La mort de ce cadre historique de la mouvance jihadiste peut-elle faire évoluer la donne sécuritaire pour la force Barkhane ? Que révèle cette opération dans les relations entre Paris et le gouvernement de transition malien ? Caroline Roussy, chercheuse à l’Institut de relations internationales et stratégiques (Iris), répond aux questions de France 24.
France 24 : En juin, la France a annoncé la mort du chef historique d’Aqmi, une victoire essentiellement symbolique car Abdelmalek Droukdal n’était plus un homme de terrain. Celle du Touareg Bah Ag Moussa, membre fondateur d’Ansar Dine, peut-elle faire évoluer la situation sécuritaire ?
Caroline Roussy : C’est un coup porté au GSIM, notamment après les images, diffusées sur les réseaux sociaux, des retrouvailles des 200 jihadistes relâchés en échange de la libération de quatre otages dont la française Sophie Pétronin et Soumaïla Cissé, personnalité politique malienne de premier plan.
Cette image, même s’il y a tout lieu de se réjouir de la libération des otages, représente un camouflet pour la France. L’objectif des opérations qui se multiplient depuis le 30 octobre semble être la remobilisation des militaires de la force Barkhane, après le malaise suscité par la remise en liberté de ces centaines de jihadistes.

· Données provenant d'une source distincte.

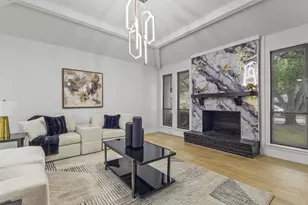 1 Spring Valley Ct, Richardson, TX 75081 - Photo 2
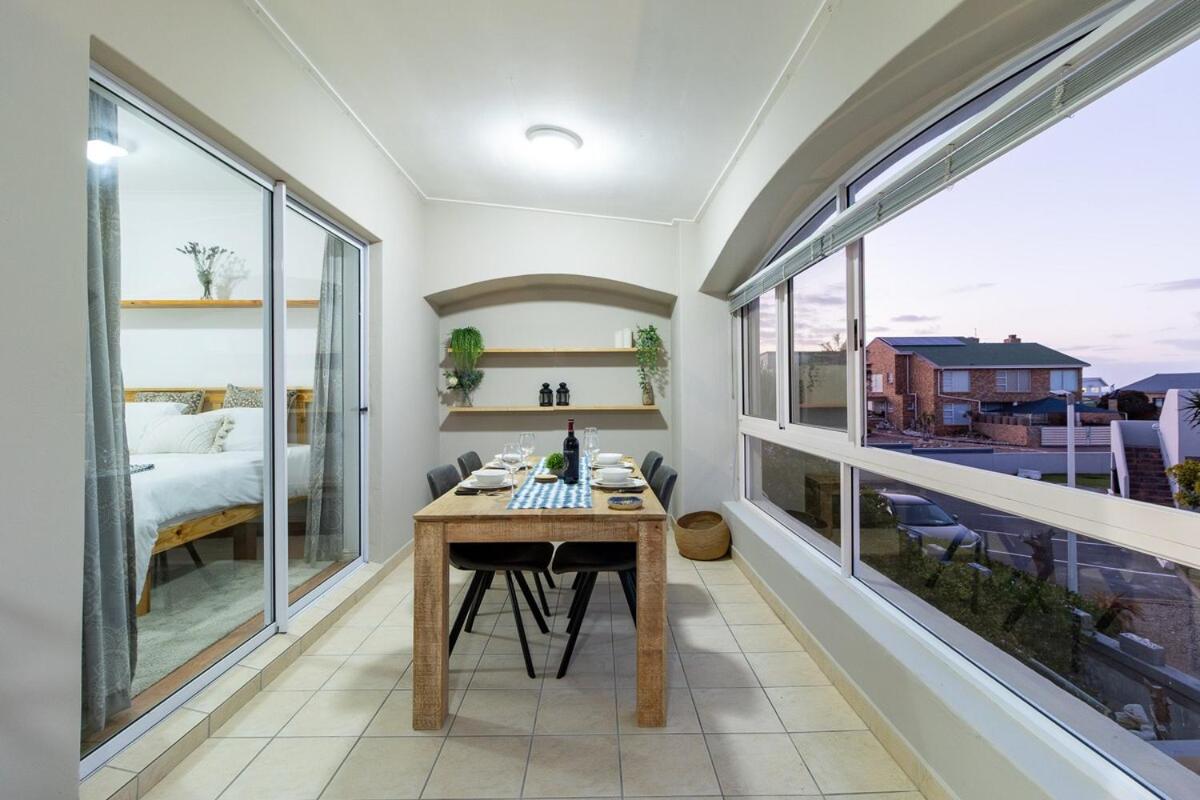 Yzer Drift Beach Escape 2 Bedroom 2 Bathroom Apartment - Chambres d’hôtes Yzerfontein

Militaire de formation, Bah Ag Moussa avait des notions stratégiques et de connaissances du terrain. Le tout est de savoir s’il avait formé des successeurs et si d’autres personnes de son acabit peuvent le remplacer. La mort de ce chef est donc significative, mais à moyen et long terme, je ne crois pas que cela change la donne sur le terrain car les troupes françaises doivent faire face à un ennemi aux contours de plus en plus flou.
Ces groupes armés ont été rejoints par des populations pour des raisons d’opportunisme, par désespoir ou absence d’un État en capacité de les protéger. La question centrale est la suivante : qui est l’ennemi au Mali aujourd’hui ? Au-delà de la complexification de la situation et de l’endogénéisation de la menace qui a souvent peu de rapport avec des motifs religieux, l’ennemi désigné depuis le sommet de Pau du G5 Sahel était l’Organisation état islamique dans le Grand Sahara (EIGS). Désormais une attention particulière et renouvelée est portée au GSIM qui, fort d’avoir retrouvé quelque 200 hommes, aurait reçu, selon différentes sources, une rançon de 30 millions d’euros.
Le Premier ministre malien de transition, Moctar Ouane, avait défendu « la nécessité d’une offre de dialogue avec les groupes armés » jihadistes au sein du « dialogue national inclusif ». Cette nouvelle opération montre que c’est bien l’option militaire qui est privilégiée par Paris…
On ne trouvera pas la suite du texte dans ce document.